The type of an n-tuple is written t1`*`...`*`tn.  For instance, the type of args above is `float * float`.  This notation is based on the Cartesian product in mathematics (i.e., the plane is R^2 = R * R).

Similarly, the 3-tuple `(42, "hello", true)` has type `int * string * bool`.  Notice that `max1` has type `(float * float) -> float`, indicating that it takes one argument (a 2-tuple of floats) and returns one result (a float).
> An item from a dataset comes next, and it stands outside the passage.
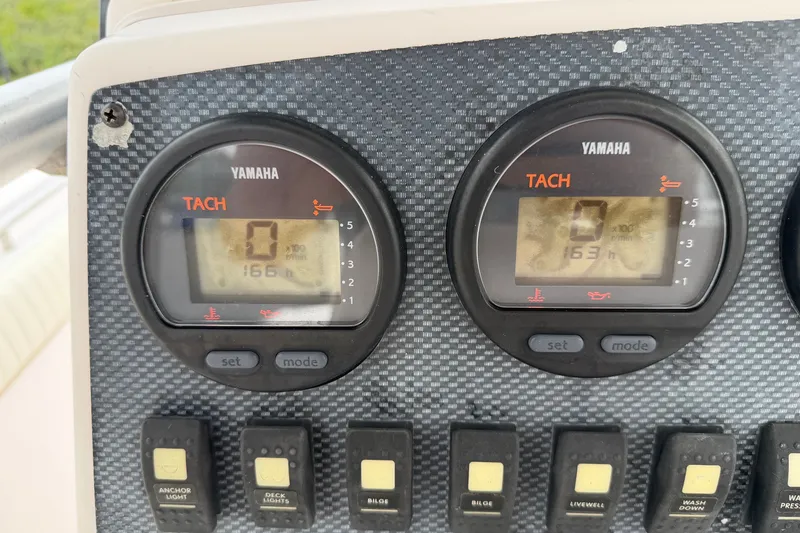 Slide: The Image of Yamaha tachometers on 2002 Grady White 273 Chase boat dashboard, displaying engine hours. - 11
Combining what we've seen so far, we can write a grammar for the basic types as follows:

t  ::=  `int`  |  `float`  |  `bool`  |  `string`  |  `char`  |   t1 `*` ... `*` tn  |  t1 `->` t2  |  `(`t`)`

There are a few tricky parts to this. The two most important are that `->` has lower precedence than `*`, so the types `(float * float) -> float` and `float * float -> float` are exactly the same type. The second is that `->` is right-associative, which means that

t1 `->` t2 `->` t3        and        t1 -> (t2 `->` t3)
are the same. This will come up when higher-order functions are discussed.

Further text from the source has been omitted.